Each character has been given a distinctive voice, which is theatrical, but
works well. In addition to vocals, there is a particular scene where Susan is
coming down from a high note and Welles crosses to a lightbulb slowly going out
– as the light fades Susan’s voice drops its pitch. When the lightbulb goes out
there is no sound. The use of sound and the lightbulb going out links Susan’s
trouble with her singing career perfectly. The association becomes obvious, and
so much information is communicated by such a simple idea. Welles’ genius lies
in his simultaneous mixture of all the elements of cinema; he not only has the
best ingredients, he also bakes the best cake.
The
audience is also treated to different tempos, for instance the scratchy,
bombastic “News on The March” runs faster compared to the slower scenes towards
the end. Even though the tempos are kept variable, and this is a good thing,
many modern viewers would suggest that it is generally too slow moving. All
issues of this nature are highly subjective, but this criticism of Citizen Kane is not without evidence[12].
Orson Welles came from a background of theatre[13].

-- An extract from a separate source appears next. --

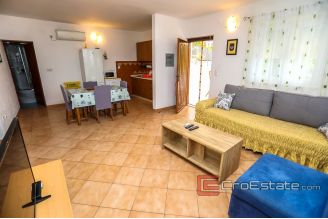 19 2019 95 Rogoznica house sea view for sale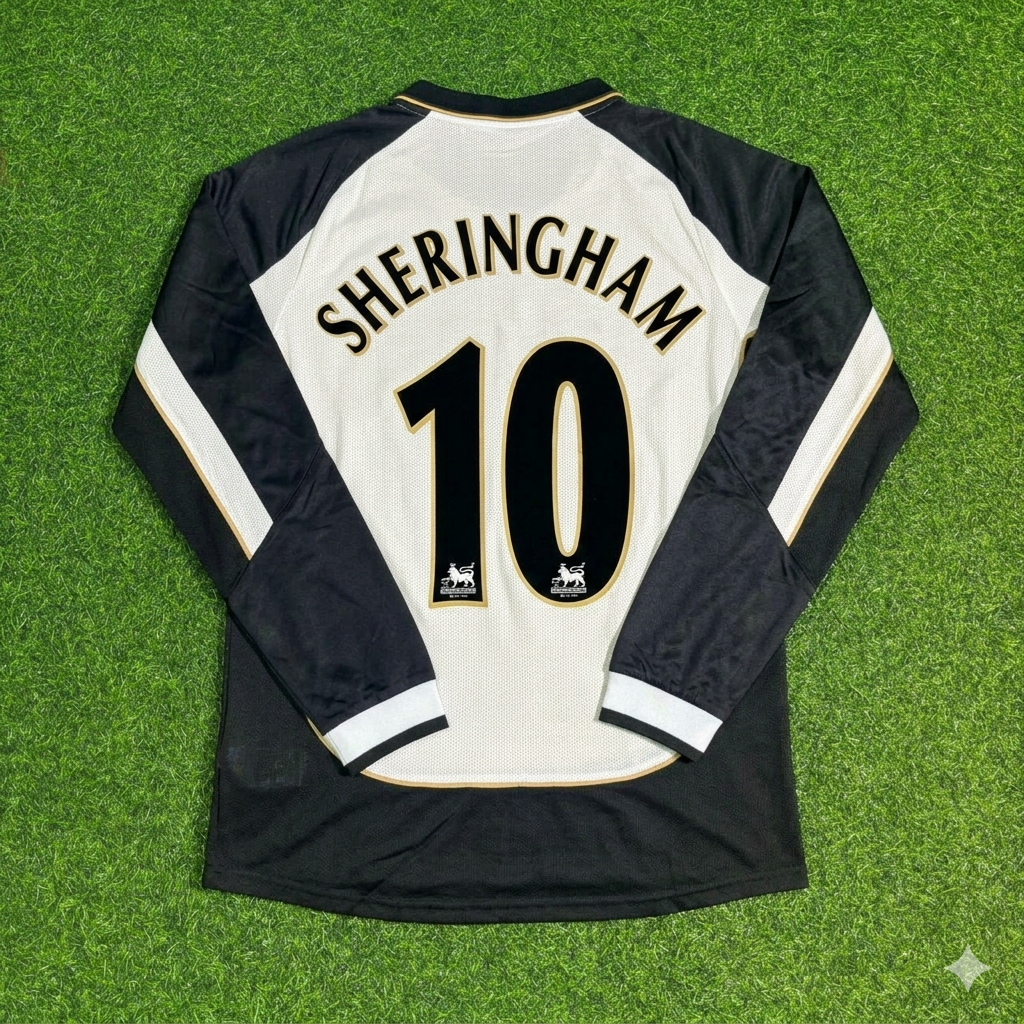 Teddy Sheringham #10 Manchester United 2001-2002 Reversible Retro Football Jersey Kit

Cinema in general in those days was more heavily influenced by the stage. Many
of the characters in Kane are stage
actors. Presently there is no demand for cinema which moves at the speed of
theatre. Welles and his contemporaries would have thought the tempo of Citizen
Kane was extremely fast paced[14],
much faster than theatre or a radio play, but movies like Pulp Fiction (to name
one) have trained audiences to expect sharper quicker jump cuts.
It
is hard to judge Citizen Kane as straight cinema because as spectators we bring
more than our eyes to the movie theatre. We bring our love of Orson Welles as
an actor, an appreciation of his genius as a director, our memories of previous
films and our life experiences. It would be wrong to tear apart Kane to show a good mastery of technique
(this essay’s purpose), and to conclude that it is therefore easy to understand
its overall effect. Like any “classic” its massive reputation precedes it and
our expectations influence any breakdown of its cinematic components.
References:
David Bordwell & Kristin Thompson, Film-Art: An Introduction, 5th
ed, McGraw-Hill, US, 1997
Gerard Mast, Marshall Cohen, Leo Braudy, Film Theory and Criticism, 4th
Ed, Oxford Uni Press, 1992.
Laura Mulvey, Citizen
Kane, BFI Film Classics, UK, 1992.
Leonard J Leff, “Reading Kane”, Film Quarterly, Fall 1985
Ronald Gottesman and Harry Geduld, Focus on Citizen Kane, Prentice-Hall, USA, 1971
Simon Callow, Orson
Welles: The Road to Xanadu, Random House 1995.
[1] Ronald Gottesman, “Citizen Kane: Past, Present, and Future”, Focus on Citizen Kane, Gottesman ed., 1971, p.2
[2] The best film of all time according to the American Film Institute, “selected by AFI's blue-ribbon panel of more than 1,500 leaders of the American movie community”, See http://AFI.100movies.com/films/citizen_kane.asp.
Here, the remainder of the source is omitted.